# Movie recommendation model

Build movie recommendation models based on:
* Highest Rating Filtering
* Content Based Filtering
* Collaborative Filtering

Evaluate and combine models to improve recommendations.

In [None]:
import pandas as pd
import numpy as np

credits_df = pd.read_csv('../data/tmdb_5000_credits.csv')
movies_df_original = pd.read_csv('../data/tmdb_5000_movies.csv')
credits_df = credits_df.rename(columns={'movie_id': 'id'})
movies_df_original = movies_df_original.merge(credits_df, on='id')
len(movies_df_original)

In [None]:
movies_df_original.head(3)

## Highest Rating Filtering
Recommend movies based on user rating on a scale of 10.

In [None]:
mean_rating = movies_df_original['vote_average'].mean()
mean_rating

Exclude movies without the minimum votes required, which is defined by the 90th percentile.

In [None]:
min_votes = movies_df_original['vote_count'].quantile(0.9)
movies_df = movies_df_original.copy().loc[movies_df_original['vote_count'] >= min_votes]
len(movies_df)

Average rating is not an accurate rating measure since with movies high ratings and low number of votes might not be representative. Therefore, the IMDB's weighted rating is used.

In [None]:
def weighted_rating(x, m=min_votes, C=mean_rating):
    v = x['vote_count']
    R = x['vote_average']
    return (v / (v + m) * R) + (m / (m + v) * C)

Compute weighted rating for each movie and print top 10 movies.

In [None]:
movies_df['score'] = movies_df.apply(weighted_rating, axis=1)
movies_df = movies_df.sort_values('score', ascending=False)
movies_df[['original_title', 'vote_count', 'vote_average', 'score']].head(10)

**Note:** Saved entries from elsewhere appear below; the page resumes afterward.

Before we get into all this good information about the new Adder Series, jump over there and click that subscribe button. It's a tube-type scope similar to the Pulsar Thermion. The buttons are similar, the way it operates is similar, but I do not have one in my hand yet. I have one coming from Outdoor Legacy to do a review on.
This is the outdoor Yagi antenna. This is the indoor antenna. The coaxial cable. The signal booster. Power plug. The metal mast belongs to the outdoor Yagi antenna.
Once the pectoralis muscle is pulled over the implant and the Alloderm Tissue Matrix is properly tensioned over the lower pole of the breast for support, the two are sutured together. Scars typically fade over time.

## Content based filtering
Recommend movies based on item features similarity (e.g. overview, cast, keyword, etc) to other movies that the user liked, given previous actions or explicit feedback.

### Using movie overview
Use similarity scores between movie overviews to make movie recommendations.

In [None]:
movies_df = movies_df_original.copy()
movies_df['overview'].head(3)

To process the overview text, the Term Frequency-Inverse Document Frequency (TF-IDF) vectors will be computed for each movie.

TF-IDF is the product between:
* TF: the relative frequency of a word in a document (word instances/total instances)
* IDF: the relative count of documents containing the word as log(number of documents/documents with term)

In [None]:
from sklearn.feature_extraction.text import TfidfVectorizer

# Remove all english stop words such as 'the', 'a'
tfidf = TfidfVectorizer(stop_words='english')

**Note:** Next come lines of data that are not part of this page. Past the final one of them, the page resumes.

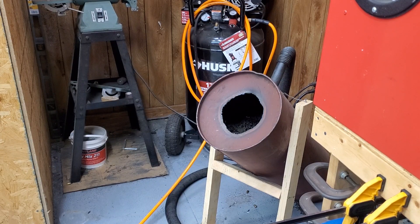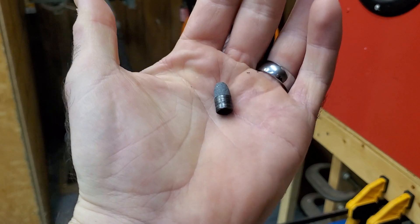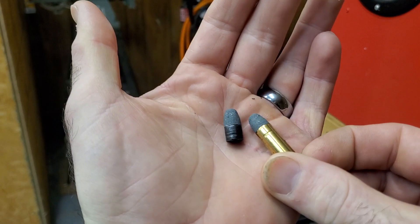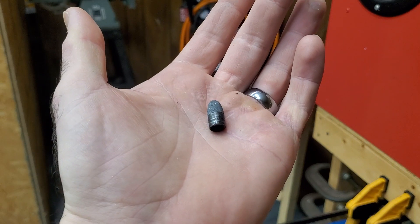All right, so somebody asked me to do a demonstration with my big bore pistol. It's a 357, 38, 9mm, whatever you want to call it. That's a 158 grain bullet that I pulled from 38 Special, so that's what I'm going to use for the test fire.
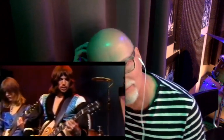Roger Fisher, the original guitarist. Guitar solo! That's so cool. He's bending up, going down, the other guy's up. It's good.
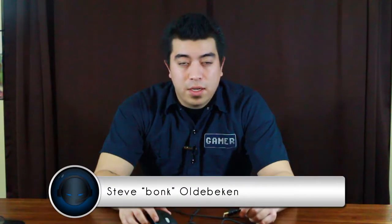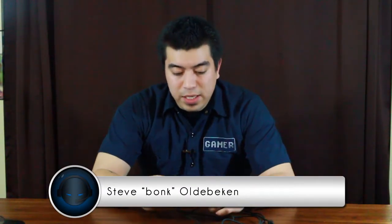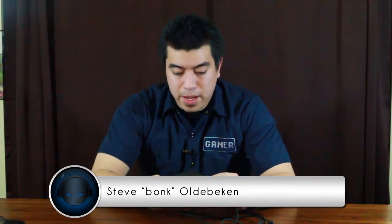Hey guys, what's up? It's Bong from ProGaming.com and today we are checking out the SteelSeries Xie Laser Mouse. I've actually had this for probably about six months, so I put it through some rigorous testing.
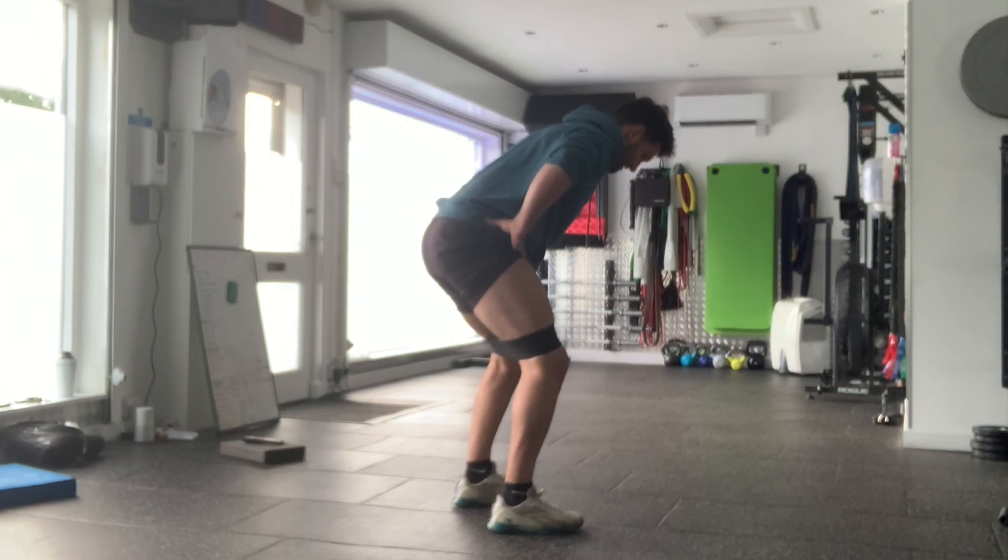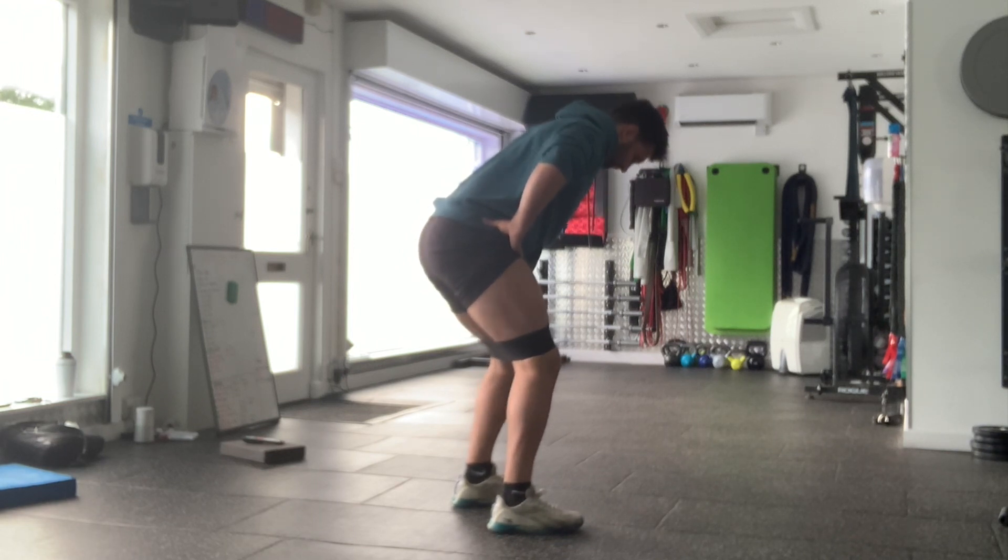You're screwing those feet into the floor, feel the outside of your hip muscles contract, repeat for the prescribed number of repetitions or length of time. That's bent over banded hip abduction.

# Replace NaN with an empty string
movies_df['overview'] = movies_df['overview'].fillna('')

# Construct the required TF-IDF matrix by fitting and transforming the data
tfidf_matrix = tfidf.fit_transform(movies_df['overview'])

Use cosine similarity to calculate the similarity score between two movies.

In [None]:
from sklearn.metrics.pairwise import linear_kernel

# Compute cosine similarity matrix
cosine_sim = linear_kernel(tfidf_matrix, tfidf_matrix)

Get the top 10 most similar movies given a movie.

In [None]:
# Construct a map with indices and movie titles
indices = pd.Series(movies_df.index, index=movies_df['original_title']).drop_duplicates()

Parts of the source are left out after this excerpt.